Detecting Pavement Distress with Deep Learning for Computer Vision
Some views and findings about this relatively new tool in the pavement engineer and road asset engineer's arsenal
Ever since I have been involved in road rehabilitation design and road asset management, knowing the exact location and extent of pavement distress has been the holy grail of pavement condition information.
I can recall, in the early 1990’s, walking with a clipboard up and down on-and-off ramps to record distresses on the busy M2 Motorway in Johannesburg. I recall doing the same a decade later in Johor Bahru at the southern end of Malaysia, and then spending weeks trying to piece together strip-maps showing distress locations in a way that would enable me to optimally decide on treatment types and locations.
The restriction of having to physically inspect the road, with the safety risks associated with field inspections1, meant that a complete and precise map of distress type and location remained a goal out of reach. That is why I am excited about the possibilities of the new emerging Deep Learning for computer vision technology which uses Artificial Intelligence to detect distresses and road assets from videos.
Now, at last, I feel we are moving toward readily accessible and cost effective mapping of distresses both for project-and-network level needs.
Through our Juno Intelligence (JI) tool-set, Lonrix is fast becoming a leader in providing cost-effective inferencing of distress and road assets. This technology now means that an extensive survey of distresses can be obtained with an equipment cost for a GoPro camera costing little over $1,000. In my view, this makes an inexpensive video survey one of the most cost effective network survey types available2.
From a pavement engineering perspective, one of the key advantages of this technology is that it allows us to not only estimate the quantum of any specific distress on a road segment, but also the exact location of the distresses. This means we can now move toward a rational determination of whether the distresses are isolated or indicative of systemic distress.

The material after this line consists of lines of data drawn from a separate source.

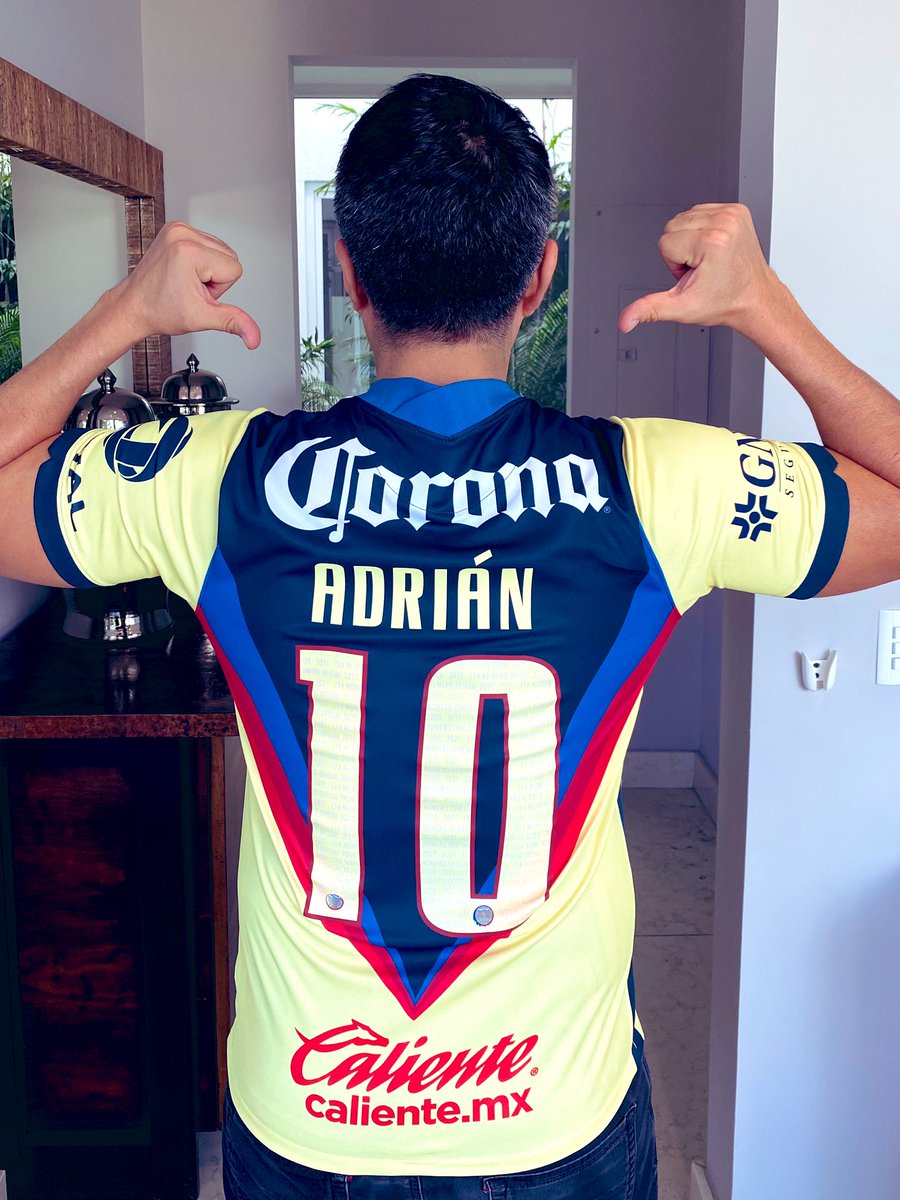AdrianUribe's tweet photo. Orgullosamente águila! 🦅 
Gracias @ClubAmerica por mi nuevo jersey! 😃👊 #SomosAmerica #EternaGrandeza https://t.co/uhg5ipdu0M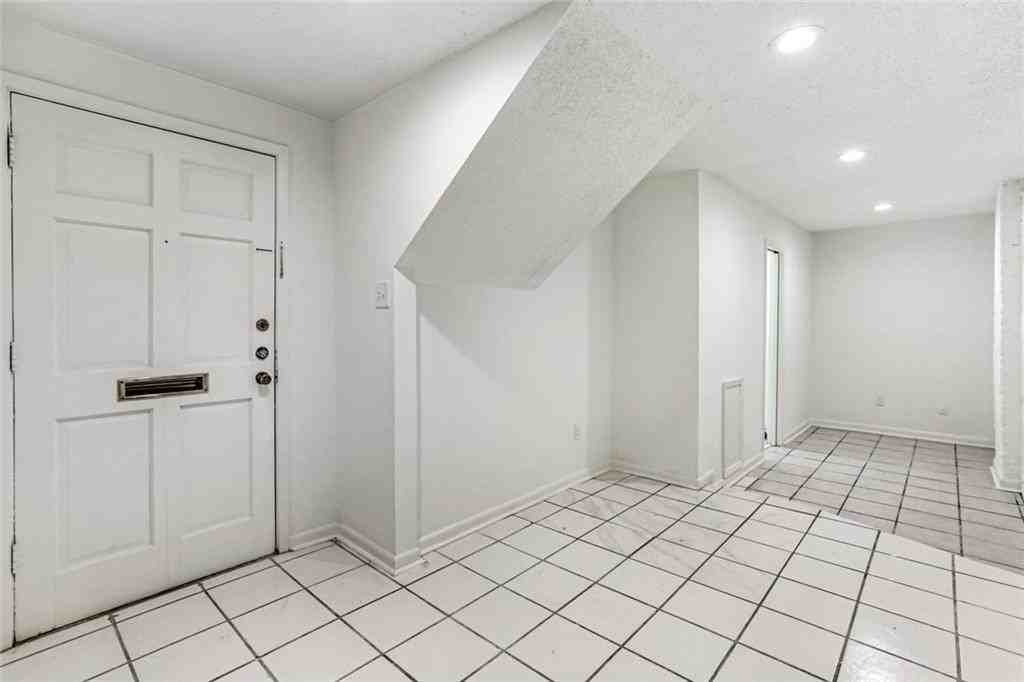 903 Octavia St - Photo 4 of 18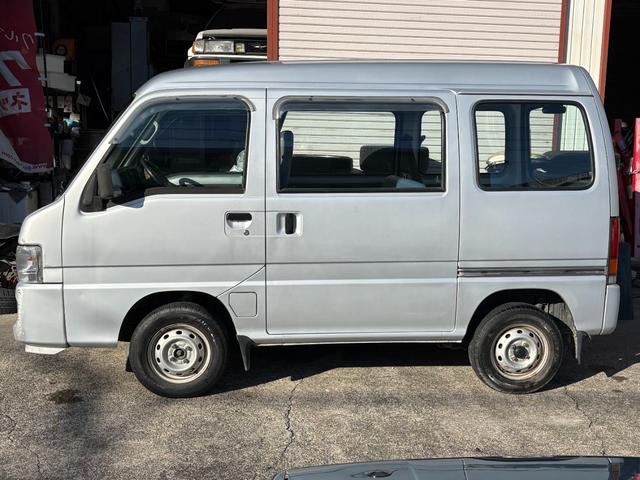 サンバーバン VC 5MT エアコン パワステ 集中ロック タイベル交換歴有 車検令和9年11月まで(4枚目)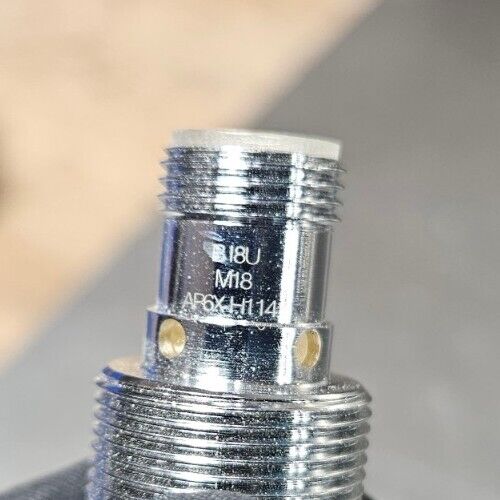 TURCK B18U M18 AP6X-H114 Inductive Proximity Sensor.                    Loc5D-22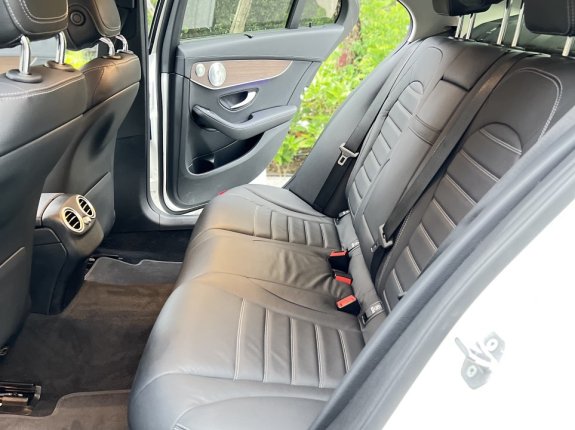 Mercedes-Benz C200 Exclusive 2021 - Màu trắng, xe nhập
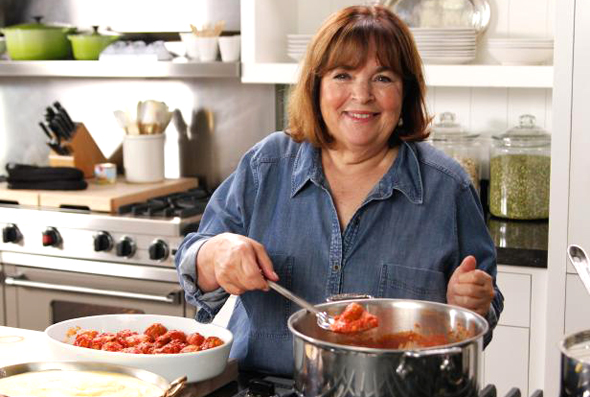 אינה גרטן המוכרת בשם Barefoot Contessa אינה גרטן המוכרת בשם Barefoot Contessa
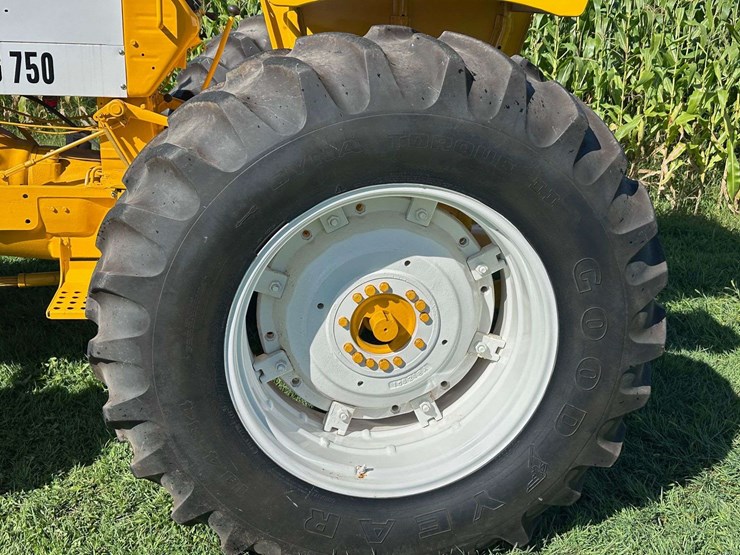 minneapolis-moline-g750-image-25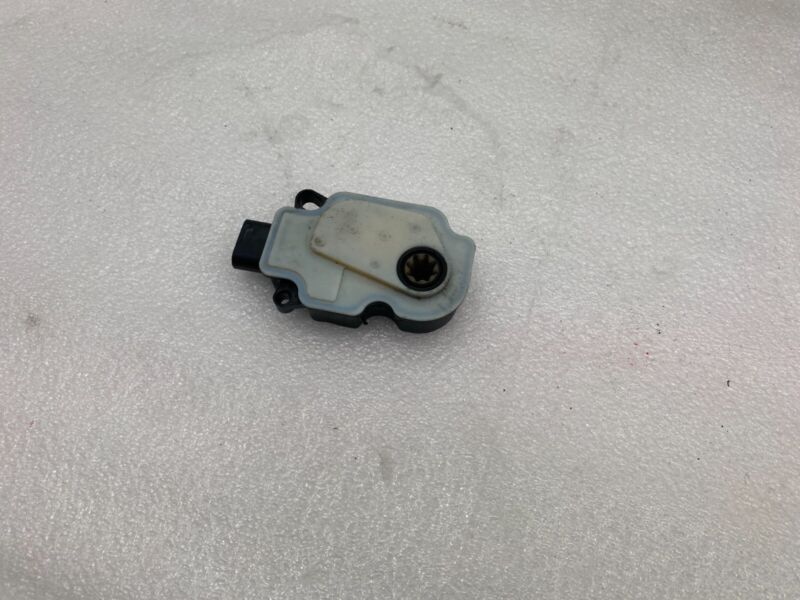 2012-2015 Tesla Model S Front Bumper Grille Vent Shutter Control Motor Actuator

At present, one of our key drivers in this area is to rationally and honestly assess the quality of the data we get from our inferencing system.
In my previous post I mentioned how our team was using Machine Learning to reverse engineer the factors that drive decisions related to the assignment of treatments in field validation of a Forward Works Programme. I showed that Alligator Cracking was perhaps the most important determinant influencing whether or not a treatment was assigned to a segment.
For a while now, I have been working with the JI team to try and assess the accuracy and fitness-for-purpose of the distresses assigned by our JI-system. Given the importance of Alligator cracking, I was particularly interested to review how well Alligator cracking data from our JI computer vision technology compared with data recorded with traditional field surveys.
One data set pertains to a large city in New Zealand for which we had visual inspections performed in accordance with the NZ RAMM visual inspection system. With this set, we summed - for each distress type - the distress lengths obtained from our JI-system on each inspection length on which distresses were recorded with the RAMM rating system.
Unfortunately, there are several limitations that make a direct comparison of distress areas or lengths with these two approaches impractical. A key constraint here is that the JI-system does not record exactly the same distress types as is prescribed in the RAMM rating system. For this reason, I did not attempt a direct correlation of distress quantities, but rather focused on the ranking of segments based on estimated alligator cracking.
The data set at my disposal had 4,219 inspection segments. When I perform a Spearman Rank correlation between the rankings based on Alligator cracking with the two systems (visual rating vs video-inferencing), I get a Spearman Correlation Coefficient of 0.632 with a Spearman P-value close to zero indicating a significant correlation between the two data sets.
There are many outliers, however, as the ranking comparison plot below shows. This plot shows the ranking order for each segment on which alligator cracking was recorded by either system. The blue line shows a trend with a 95th percentile confidence band.
Another way to compare these two different ways of quantifying distress is to investigate the number of segments that match when we consider only say the 400 segments with the highest quantity of distress identified with the two methods (this comprises roughly the worst 10%). The result looks as follows:
In my view, this is a good outcome given the differences in the way distress is recorded, the exact details of what is being recorded etc. At this stage, we are keeping in mind that the Visual Rating cannot be taken as the ground truth. Putting aside the known problems with subjective assessments of distress, there is also the grey area between longitudinal cracking and crocodile cracking - when, exactly, does a longitudinal crack become an alligator crack?
Having said that, at Lonrix we have made a principled decision to under-promise and over-deliver. We are well aware that there is room for improvement in this technology, and we are determined to push forward with a view towards excellence.
Tragically, one of my team mates during my time working in Malaysia in 2000/2001 was later killed when a vehicle ran into a construction/inspection zone where he was working.
If you are doing inferencing to detect distresses and/or road assets using video data, then of course there are additional costs involved. However, I believe these costs compare well with the costs of other survey types. Plus, you now have a video of your network available that you can return to repeatedly for validation purposes.